WHAT THE TASK REQUIRES: Lines from the one containing "Human Proteolipid Protein" through the last line of the data are to be returned exactly, both ends included, minus any pictures.

ENTRIES SUPPLIED:
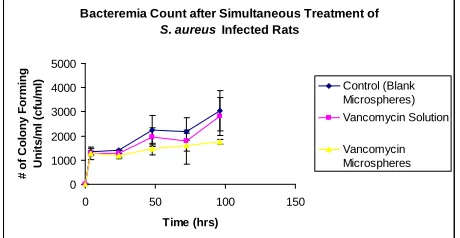 Figure 9. Effect of vancomycin microspheres and solution on circulating after bacterial infection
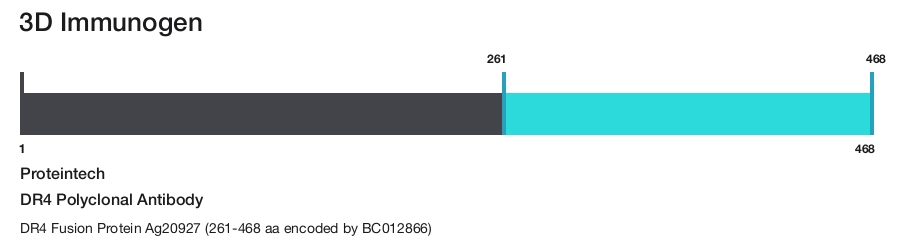 DR4 Polyclonal Antibody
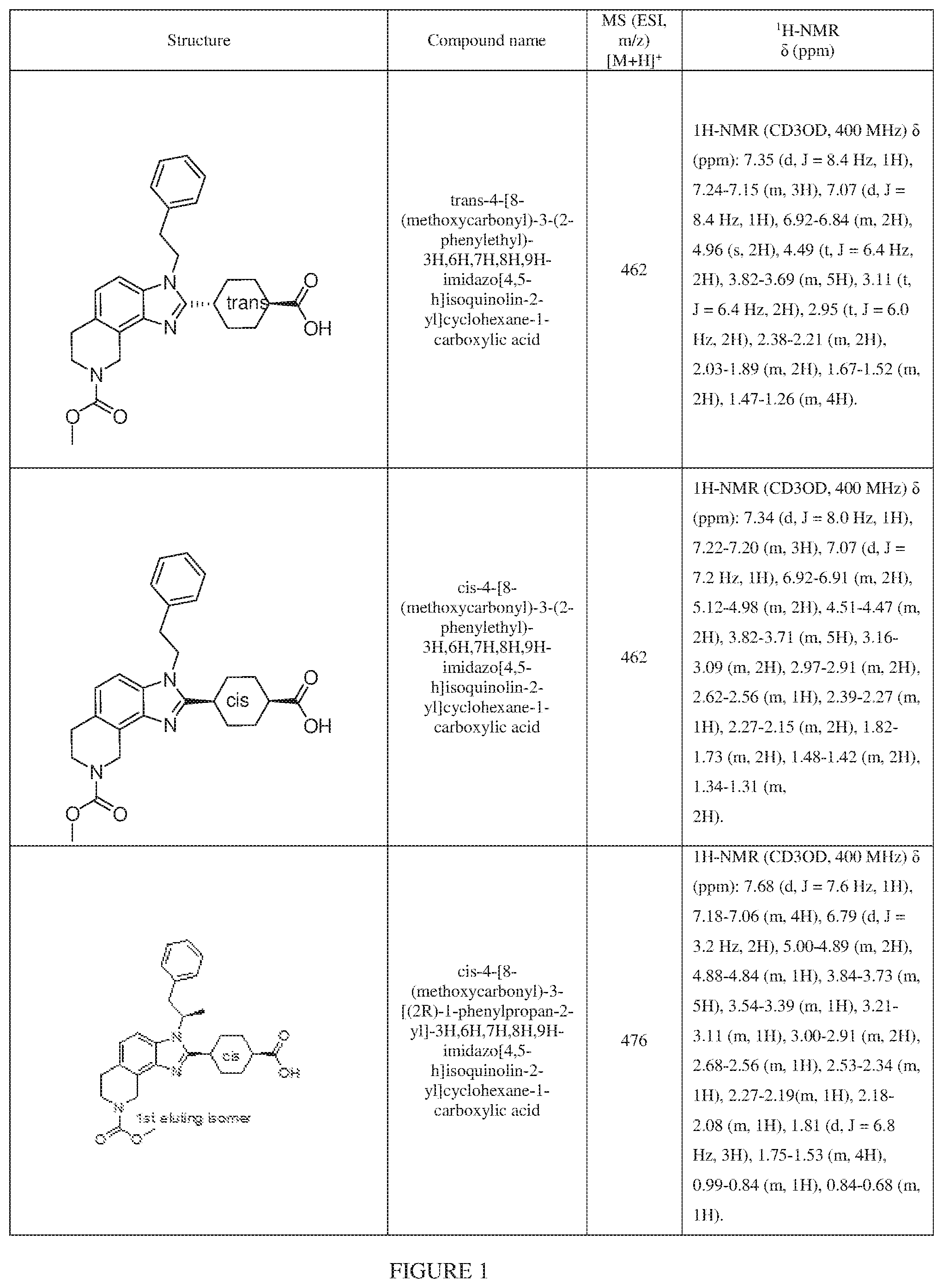 Patent US12351577 — Inhibiting cyclic AMP-responsive element-binding protein (CREB) — Figure 1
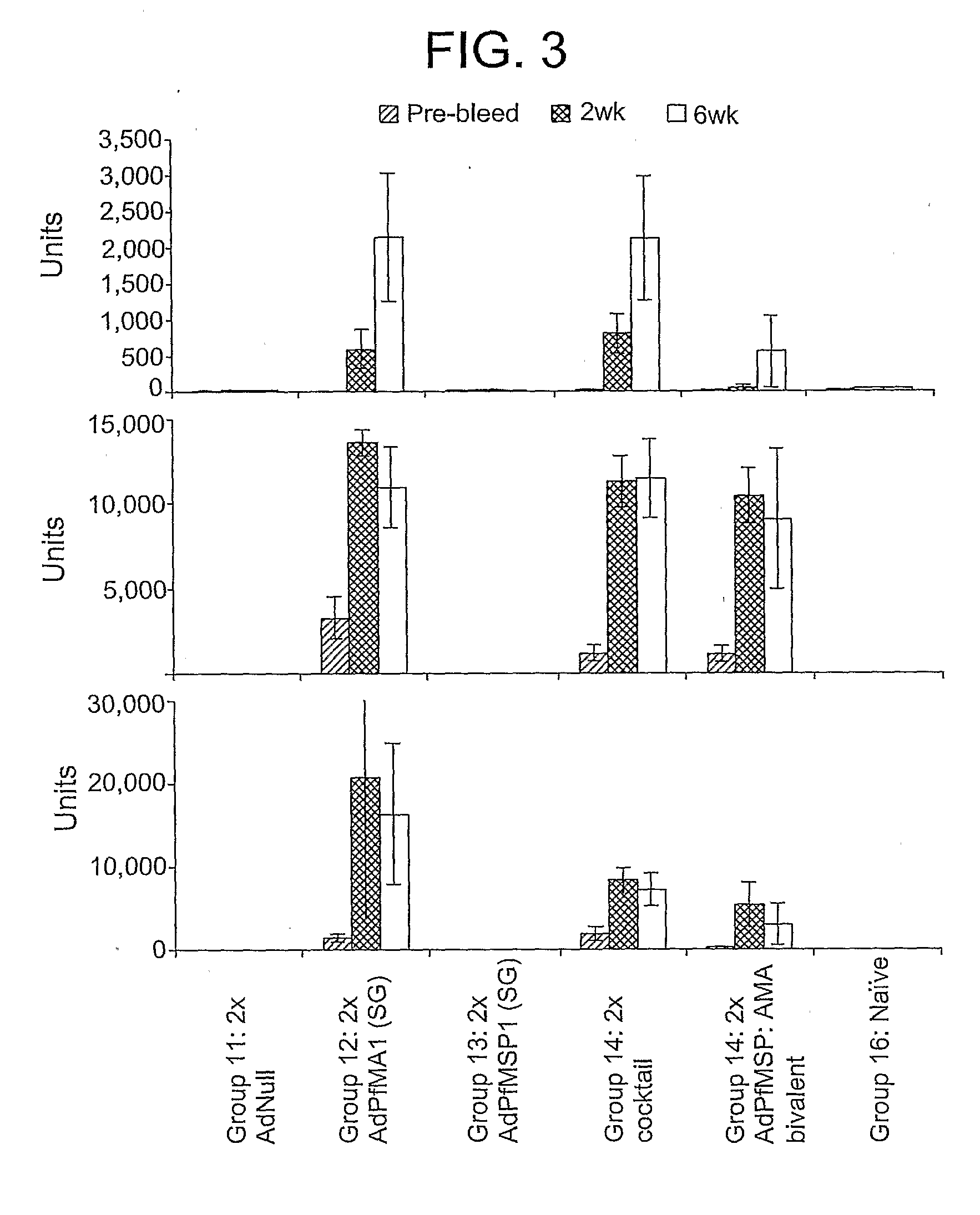 Adenoviral vector-based malaria vaccines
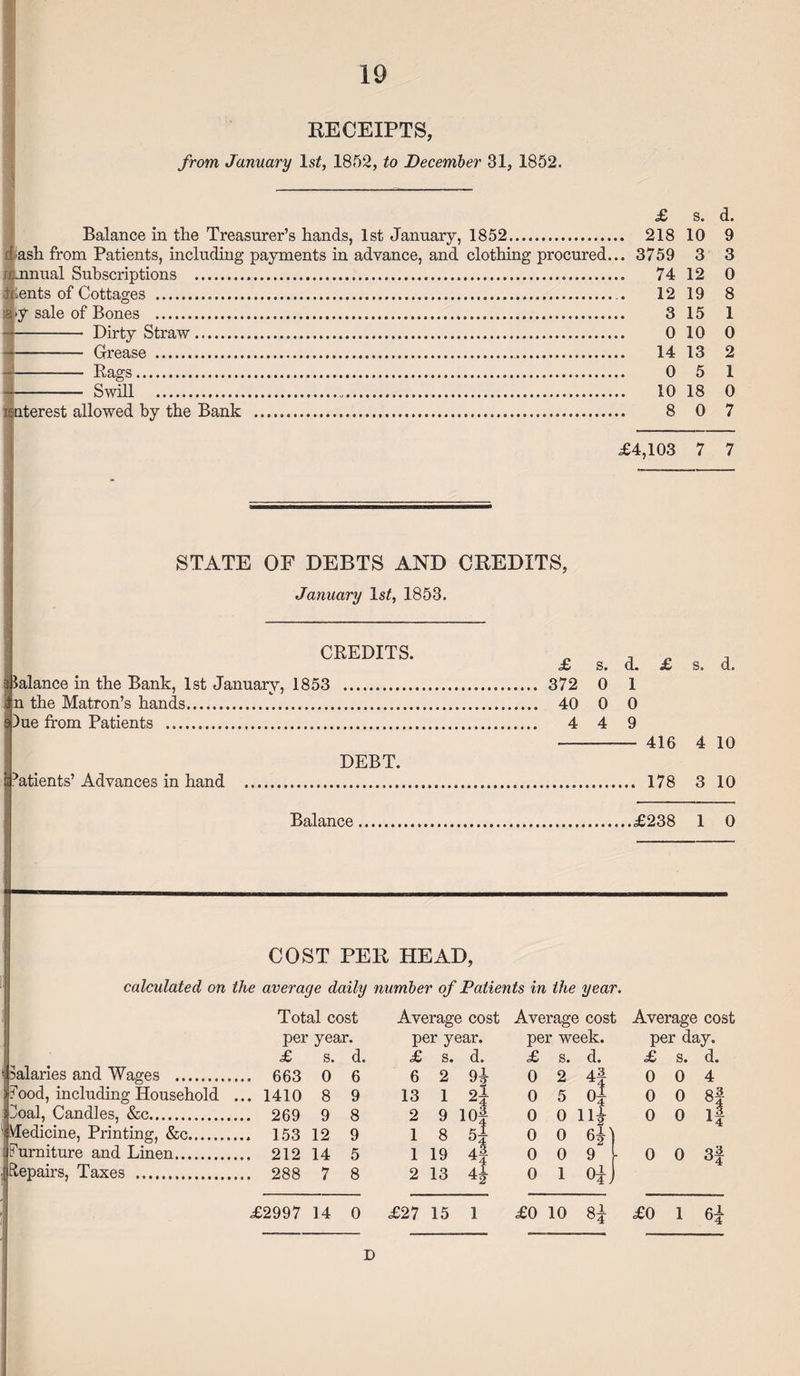 mmnir m n RECEIPTS, from January Is/, 1852, to December 31, 1852. I£ s. d. Balance in the Treasurer’s hands, 1st January, 1852. 218 10 9 ■ash from Patients, including payments in advance, and clothing procured... 3759 3 3 mnual Subscriptions . 74 12 0 Lents of Cottages . 12 19 8 >y sale of Bones . 3 15 1 - Dirty Straw. 0 10 0 -— Grease . 14 13 2 - Rags. 0 5 1 - Swill 10 18 0 mterest allowed by the Bank . 8 0 7 £4,103 7 7 STATE OF DEBTS AND CREDITS, January Is/, 1853. CREDITS. balance in the Bank, 1st January, 1853 . n the Matron’s hands. )ue from Patients . ^atients’ Advances in hand DEBT. Balance £ s. d. £ s. d. 372 0 1 40 0 0 4 4 9 - 416 4 10 . 178 3 10 £238 1 0 COST PER HEAD, calculated, on the average daily number of Patients in the year. Total cost per year. £ s. d. ; salaries and Wages . 663 0 6 food, including Household ... 1410 8 9 foal, Candles, &c. 269 9 8 Vledicine, Printing, &c. 153 12 9 furniture and Linen. 212 14 5 Repairs, Taxes . 288 7 8 Average cost per year. £ s. d. 6 2 9| 13 1 2} 2 9 lOf 1 8 5| 1 19 4J 2 13 4} Average cost per week. £ s. d. 0 2 4J 0 5 0} 0 0 ll£ 0 0 64) 0 0 9 \ 0 1 Of] Average cost per day. £ s. d. 0 0 4 0 0 8| 0 0 If 0 0 3f £2997 14 0 £27 15 1 £0 10 8f £0 1 6f D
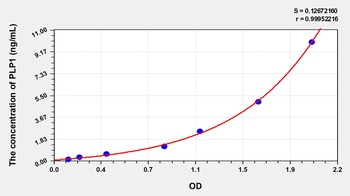 Human Proteolipid Protein 1, Myelin (PLP1) ELISA Kit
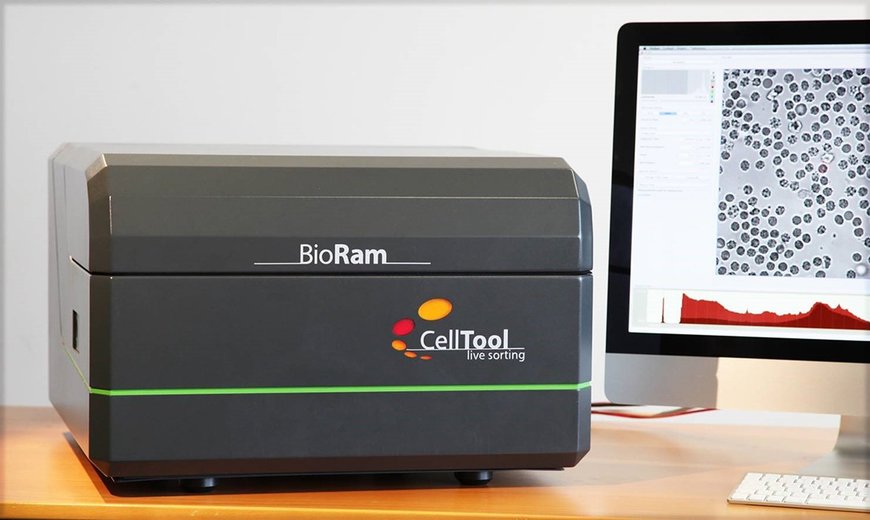 Raman spectroscopy measures corona infected cells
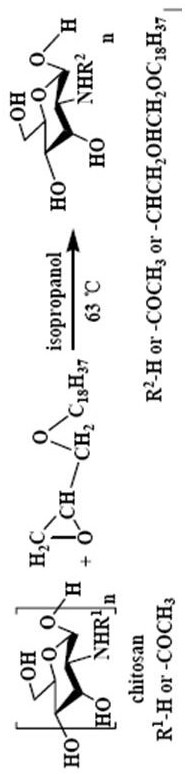 A kind of bactericidal preparation for preventing and treating gray mold of tomato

RESULT BELOW:
 Human Proteolipid Protein 1, Myelin (PLP1) ELISA Kit
 Raman spectroscopy measures corona infected cells
 A kind of bactericidal preparation for preventing and treating gray mold of tomato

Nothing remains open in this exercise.